For each entry that follows, write out an identical copy.

[Start of Attachment]

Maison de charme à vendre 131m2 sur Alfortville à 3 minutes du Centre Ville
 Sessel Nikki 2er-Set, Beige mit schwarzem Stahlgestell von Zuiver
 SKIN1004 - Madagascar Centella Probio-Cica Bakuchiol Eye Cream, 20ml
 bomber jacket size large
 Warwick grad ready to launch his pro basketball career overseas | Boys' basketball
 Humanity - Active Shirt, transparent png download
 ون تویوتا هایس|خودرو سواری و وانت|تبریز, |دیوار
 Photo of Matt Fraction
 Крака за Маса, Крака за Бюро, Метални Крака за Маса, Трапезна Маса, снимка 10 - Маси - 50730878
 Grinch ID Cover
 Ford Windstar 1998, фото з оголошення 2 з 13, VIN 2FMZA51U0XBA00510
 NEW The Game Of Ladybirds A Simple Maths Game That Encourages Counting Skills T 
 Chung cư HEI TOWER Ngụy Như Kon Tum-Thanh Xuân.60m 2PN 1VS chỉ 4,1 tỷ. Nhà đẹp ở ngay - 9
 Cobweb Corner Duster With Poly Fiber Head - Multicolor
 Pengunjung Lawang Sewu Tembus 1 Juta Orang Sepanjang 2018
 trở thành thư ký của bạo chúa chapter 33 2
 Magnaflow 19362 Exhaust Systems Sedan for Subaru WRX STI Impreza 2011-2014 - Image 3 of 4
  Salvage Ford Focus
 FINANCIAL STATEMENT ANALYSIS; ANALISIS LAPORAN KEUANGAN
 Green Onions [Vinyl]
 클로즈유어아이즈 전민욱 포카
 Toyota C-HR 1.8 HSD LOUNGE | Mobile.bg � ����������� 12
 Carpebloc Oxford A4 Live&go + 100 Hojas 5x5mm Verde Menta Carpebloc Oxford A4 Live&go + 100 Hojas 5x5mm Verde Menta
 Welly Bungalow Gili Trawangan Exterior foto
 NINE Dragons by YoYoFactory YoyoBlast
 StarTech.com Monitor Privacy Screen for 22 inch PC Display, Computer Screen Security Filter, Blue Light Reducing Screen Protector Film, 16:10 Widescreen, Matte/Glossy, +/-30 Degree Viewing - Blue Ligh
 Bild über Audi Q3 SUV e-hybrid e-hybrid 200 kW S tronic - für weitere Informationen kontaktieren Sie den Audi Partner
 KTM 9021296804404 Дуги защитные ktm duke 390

[End of Attachment]

> **SOLUTION**:
Maison de charme à vendre 131m2 sur Alfortville à 3 minutes du Centre Ville
 Sessel Nikki 2er-Set, Beige mit schwarzem Stahlgestell von Zuiver
 SKIN1004 - Madagascar Centella Probio-Cica Bakuchiol Eye Cream, 20ml
 bomber jacket size large
 Warwick grad ready to launch his pro basketball career overseas | Boys' basketball
 Humanity - Active Shirt, transparent png download
 ون تویوتا هایس|خودرو سواری و وانت|تبریز, |دیوار
 Photo of Matt Fraction
 Крака за Маса, Крака за Бюро, Метални Крака за Маса, Трапезна Маса, снимка 10 - Маси - 50730878
 Grinch ID Cover
 Ford Windstar 1998, фото з оголошення 2 з 13, VIN 2FMZA51U0XBA00510
 NEW The Game Of Ladybirds A Simple Maths Game That Encourages Counting Skills T 
 Chung cư HEI TOWER Ngụy Như Kon Tum-Thanh Xuân.60m 2PN 1VS chỉ 4,1 tỷ. Nhà đẹp ở ngay - 9
 Cobweb Corner Duster With Poly Fiber Head - Multicolor
 Pengunjung Lawang Sewu Tembus 1 Juta Orang Sepanjang 2018
 trở thành thư ký của bạo chúa chapter 33 2
 Magnaflow 19362 Exhaust Systems Sedan for Subaru WRX STI Impreza 2011-2014 - Image 3 of 4
  Salvage Ford Focus
 FINANCIAL STATEMENT ANALYSIS; ANALISIS LAPORAN KEUANGAN
 Green Onions [Vinyl]
 클로즈유어아이즈 전민욱 포카
 Toyota C-HR 1.8 HSD LOUNGE | Mobile.bg � ����������� 12
 Carpebloc Oxford A4 Live&go + 100 Hojas 5x5mm Verde Menta Carpebloc Oxford A4 Live&go + 100 Hojas 5x5mm Verde Menta
 Welly Bungalow Gili Trawangan Exterior foto
 NINE Dragons by YoYoFactory YoyoBlast
 StarTech.com Monitor Privacy Screen for 22 inch PC Display, Computer Screen Security Filter, Blue Light Reducing Screen Protector Film, 16:10 Widescreen, Matte/Glossy, +/-30 Degree Viewing - Blue Ligh
 Bild über Audi Q3 SUV e-hybrid e-hybrid 200 kW S tronic - für weitere Informationen kontaktieren Sie den Audi Partner
 KTM 9021296804404 Дуги защитные ktm duke 390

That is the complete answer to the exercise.